160 F.R.D. 599 | D. Colo. | 1995

MEMORANDUM OPINION AND ORDER

KANE, Senior District Judge.

This action, on remand from the appellate court, arises out of pro se Plaintiff Terry W. Mobley’s termination from Defendant U.S. West Communications Inc. Mobley alleges U.S. West terminated him because of his race in violation of Title VII of the Civil Rights Act of 1964, 42 U.S.C. § 1981.

Two motions are pending: (1) Defendants’ motion to dismiss pursuant to Rule 41(b) for Mobley’s failure to comply with both the Federal Rules of Civil Procedure and court orders, and (2) Mobley’s motion for a new trial under Federal Rule of Civil Procedure 60(b). I grant the first motion and deny the second.

I. Background.

Mobley’s employment with U.S. West began on April 28, 1980. During his tenure there, Mobley openly opposed the company’s affirmative action record. This opposition included filing numerous racial discrimination charges against U.S. West on behalf of himself and others. Mobley alleges his vocal opposition to management policies with respect to race reached a crescendo at a training session attended by Defendant McCormick. In short, Mobley contends McCormick, who assured employees before the meeting that they could speak freely and without fear of company retaliation, became hostile toward Mobley and his views when confronted with questions and allegations regarding the effectiveness of U.S. West’s affirmative action program. After this meeting, U.S. West placed Mobley on what it termed an “action plan.” This plan required Mobley to improve his performance or face termination. Mobley states U.S. West established unreachable goals and provided inadequate supervision and direction so as to render his success under the action plan virtually impossible.

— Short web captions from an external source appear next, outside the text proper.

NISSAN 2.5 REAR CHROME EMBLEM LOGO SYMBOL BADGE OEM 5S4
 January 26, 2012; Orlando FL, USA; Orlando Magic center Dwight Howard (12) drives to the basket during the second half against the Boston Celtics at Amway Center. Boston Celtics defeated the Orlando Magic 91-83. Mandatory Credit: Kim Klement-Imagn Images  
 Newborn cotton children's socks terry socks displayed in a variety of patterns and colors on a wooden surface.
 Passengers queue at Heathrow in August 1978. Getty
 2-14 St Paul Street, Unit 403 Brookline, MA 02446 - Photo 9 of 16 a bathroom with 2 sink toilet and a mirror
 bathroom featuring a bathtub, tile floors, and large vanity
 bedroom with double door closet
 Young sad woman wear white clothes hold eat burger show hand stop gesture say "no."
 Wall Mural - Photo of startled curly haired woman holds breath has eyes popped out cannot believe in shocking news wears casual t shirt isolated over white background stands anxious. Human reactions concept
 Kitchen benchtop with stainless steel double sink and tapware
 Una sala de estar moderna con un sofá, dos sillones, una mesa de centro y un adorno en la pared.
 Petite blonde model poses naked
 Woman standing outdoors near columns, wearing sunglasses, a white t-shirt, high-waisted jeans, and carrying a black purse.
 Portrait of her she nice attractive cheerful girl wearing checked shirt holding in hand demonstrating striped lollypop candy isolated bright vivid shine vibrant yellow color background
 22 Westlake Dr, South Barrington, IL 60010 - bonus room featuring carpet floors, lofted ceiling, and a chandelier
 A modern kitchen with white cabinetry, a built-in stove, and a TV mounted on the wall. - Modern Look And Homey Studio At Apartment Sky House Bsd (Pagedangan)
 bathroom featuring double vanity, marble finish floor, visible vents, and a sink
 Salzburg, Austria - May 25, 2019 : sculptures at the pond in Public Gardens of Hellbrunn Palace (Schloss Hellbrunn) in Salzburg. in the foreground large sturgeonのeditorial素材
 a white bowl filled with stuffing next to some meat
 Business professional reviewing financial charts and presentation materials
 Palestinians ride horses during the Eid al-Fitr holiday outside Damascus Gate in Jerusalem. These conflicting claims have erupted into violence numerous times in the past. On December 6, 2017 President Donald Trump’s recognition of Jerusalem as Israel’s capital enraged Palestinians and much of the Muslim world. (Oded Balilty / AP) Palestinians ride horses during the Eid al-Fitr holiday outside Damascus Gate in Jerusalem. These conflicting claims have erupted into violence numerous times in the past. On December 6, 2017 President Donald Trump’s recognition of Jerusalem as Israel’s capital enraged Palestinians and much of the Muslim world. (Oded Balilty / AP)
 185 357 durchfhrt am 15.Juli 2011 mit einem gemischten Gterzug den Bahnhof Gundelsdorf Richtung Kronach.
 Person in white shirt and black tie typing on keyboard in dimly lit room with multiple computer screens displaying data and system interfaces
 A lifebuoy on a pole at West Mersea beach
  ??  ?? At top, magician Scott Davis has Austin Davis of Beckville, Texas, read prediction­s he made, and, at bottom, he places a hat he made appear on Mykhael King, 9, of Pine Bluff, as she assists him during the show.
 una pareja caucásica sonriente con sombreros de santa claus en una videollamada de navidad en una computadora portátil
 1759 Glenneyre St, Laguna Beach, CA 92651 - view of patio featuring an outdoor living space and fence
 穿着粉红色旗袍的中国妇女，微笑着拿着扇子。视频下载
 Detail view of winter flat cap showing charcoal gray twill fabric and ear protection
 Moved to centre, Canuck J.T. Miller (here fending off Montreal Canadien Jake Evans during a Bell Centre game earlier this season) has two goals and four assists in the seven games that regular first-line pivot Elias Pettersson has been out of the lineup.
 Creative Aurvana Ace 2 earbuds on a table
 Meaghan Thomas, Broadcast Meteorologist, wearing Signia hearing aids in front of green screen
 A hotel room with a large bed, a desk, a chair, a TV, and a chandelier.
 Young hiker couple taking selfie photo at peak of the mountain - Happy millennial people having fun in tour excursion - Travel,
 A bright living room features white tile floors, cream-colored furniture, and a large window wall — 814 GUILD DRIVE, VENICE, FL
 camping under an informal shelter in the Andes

In June 1991, Mobley filed a charge with the EEOC alleging U.S. West discriminated against him because of his race. Seven months later, on January 29, 1992, Mobley filed further discrimination charges, claiming U.S. West terminated his employment in retaliation for filing the initial charge. The EEOC found no impropriety and issued right-to-sue notices to Mobley, which he received on October 1, 1992 and May 28, 1993, respectively. Upon receipt of these notices Mobley filed suit in the Denver District Court on December 30, 1992. In January 1993, U.S. West invoked federal question jurisdiction and removed the action to this court.

On December 27, 1993, Chief Judge Fine-silver dismissed the action (No. 93-F-126) without prejudice. The court gave Mobley leave to refile subject to his satisfaction of the following conditions: he be represented by counsel; his counsel be prepaid; Mobley pay all amounts owed to attorneys whom he previously employed; Mobley reimburse Defendant’s costs up to and including Defendant’s summary judgment motion and motion for sanctions.

On March 25, 1994, Mobley filed the present action without meeting any of the above conditions. Chief Judge Finesilver dismissed the action with prejudice for failure to state a claim on May 12,1994. Mobley appealed the dismissal.

On November 14, 1994, the Court of Appeals for the Tenth Circuit held the state of the record did not permit it to make an informed decision as to whether the trial court, in imposing the sanction of dismissal, had adequately considered the applicable criteria embodied in Ehrenhaus v. Reynolds, 965 F.2d 916 (10th Cir.1992) and Jones v. Thompson, 996 F.2d 261 (10th Cir.1993). Mobley v. McCormick, 40 F.3d 337, 340-41 (10th Cir.1994). The appellate court reversed the district court’s order imposing the sanction of dismissal with prejudice and remanded the case for “further proceedings not inconsistent with this decision.” Id. at 341.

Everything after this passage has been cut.